La primera en pasar fue Ico, sus padres y ella hacían continuamente rapel. Era la que llevaba el material, era en definitiva la experta. Hizo los pertinentes anclajes de seguridad. Todavía aún, pese a los años, doy las gracias por la gente estupenda con la que fuimos haciendo un grupo de amigos.

La rubia, aseguró uno de esos anclajes en donde estábamos y luego se echó a caminar por aquel minúsculo sendero al borde del precipicio. Estaba claro que había ido con los mejores y aquella muchacha tenía un par de ovarios grandes como una catedral.


[22]. La sabina canaria (Juniperus turbitana) es un arbusto o pequeño árbol que alcanza los diez metros de altura y crece en la zona semiárida de transición entre el matorral costero y la laurisilva a barlovento o entre el matorral costero y el pinar a sotavento de las islas. Esta formación fue degradada paulatinamente por la acción especialmente después de la conquista de Canarias por aportar una madera muy fuerte que fue utilizada para la construcción de casas y armas, junto a la necesidad de crear suelo agrícola.

[23]. El helecho (Woodwardia Radicans) es una especie relíctica de la era terciaria, refugiada en zonas de clima oceánico, con elevada humedad edáfica y atmosférica, como las que se dan en los bosques de laurisilva de la Macaronesia. En Canarias, es una especie propia de riscos, taludes y nacientes situados en las zonas más húmedas de la laurisilva y el fayal-brezal, principalmente vaguadas, barrancos y bordes de pistas y carreteras, siendo frecuente y hasta abundante en algunas zonas muy concretas, como los bosques de la cordillera de Anaga, en Tenerife, el Parque Rural de Doramas, en Gran Canaria, y el bosque de Los Tilos, en La Palma. Sus ejemplares pueden llegar a vivir hasta más de veinte años, desarrollando un grueso tronco que paulatinamente se rinde hacia el suelo por el peso de las frondes. Su nombre genérico (Woodwardia) está dedicado a Thomas J. Woodward, botánico inglés del siglo XVIII especializado en plantas criptógamas.

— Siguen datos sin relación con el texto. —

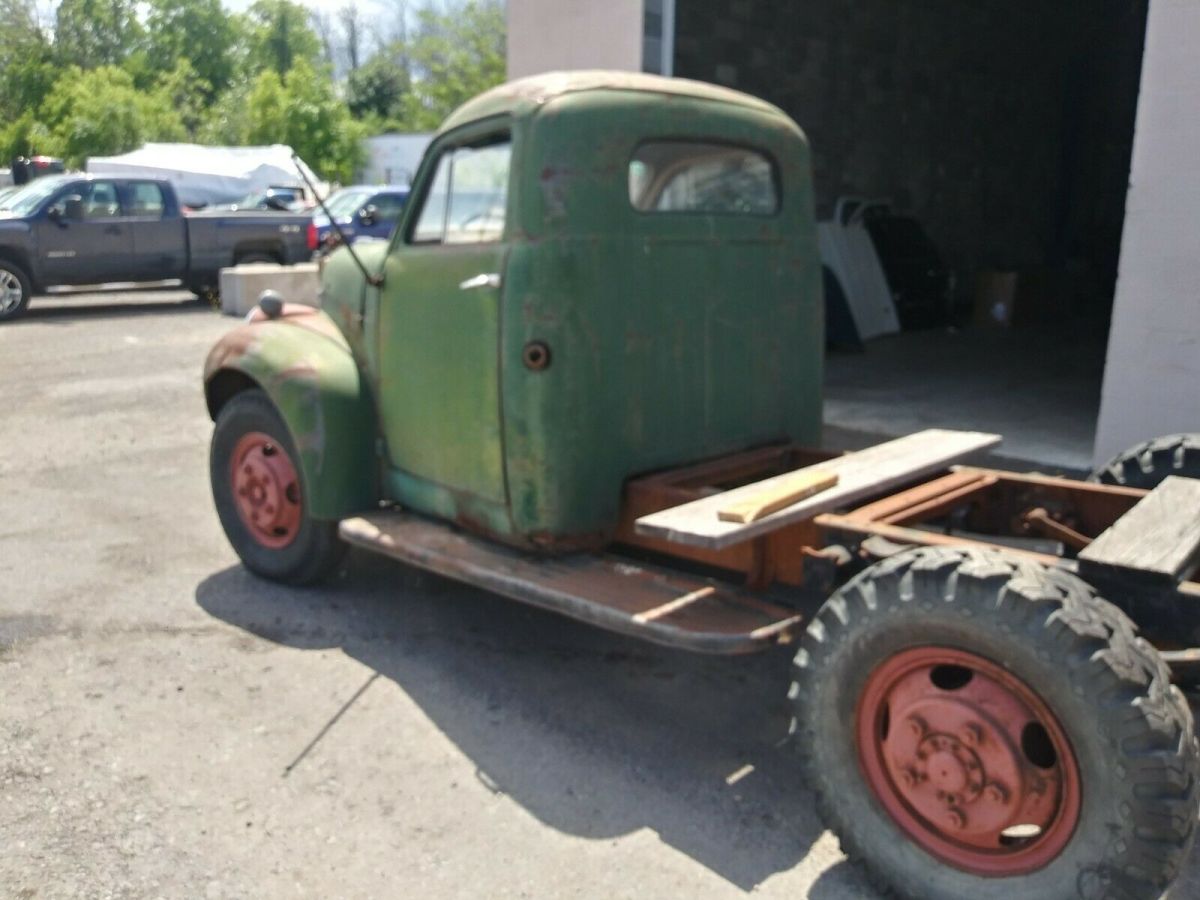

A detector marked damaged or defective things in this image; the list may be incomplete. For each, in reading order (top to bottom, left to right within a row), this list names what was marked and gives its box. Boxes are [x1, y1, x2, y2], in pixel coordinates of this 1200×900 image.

rusted fender [201, 307, 376, 520]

El específico (Radicans) procede del latín radicare (‘enraizar’), haciendo referencia a los bulbillos apicales de sus frondes y su capacidad para echar raíces fácilmente cuando entran en contacto con la tierra.

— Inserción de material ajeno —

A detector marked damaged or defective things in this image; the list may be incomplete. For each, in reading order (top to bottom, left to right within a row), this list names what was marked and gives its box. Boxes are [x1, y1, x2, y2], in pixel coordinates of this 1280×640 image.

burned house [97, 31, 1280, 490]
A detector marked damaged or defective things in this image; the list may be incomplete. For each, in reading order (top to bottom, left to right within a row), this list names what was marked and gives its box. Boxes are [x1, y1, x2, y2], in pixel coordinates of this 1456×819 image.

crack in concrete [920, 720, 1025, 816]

[24]. El tusilago morado (Pericallis cruenta) es una planta perenne de tallos erectos, hojas orbiculares con los nervios rosáceos y con denso tomento rosa carmesí-purpureo por el envés. Es una especie endémica de Canarias, presente en Tenerife, aunque también se ha citado en las islas de La Gomera, El Hierro y Gran Canaria, pudiéndose haber extinguido en alguna de ellas. Se encuentra en zonas húmedas y umbrías del monte.

[25]. El bejeque o verode (A Urbicum) es un endemismo canario con más de treinta especies diferentes. Tiene las hojas en forma de cuchara dispuestas en una roseta ancha en el extremo superior del tallo. Tiene flores rosadas o blancas y crece en lugares húmedos. Se aplica en el exterior de la piel con callos para su curación en forma de cataplasma.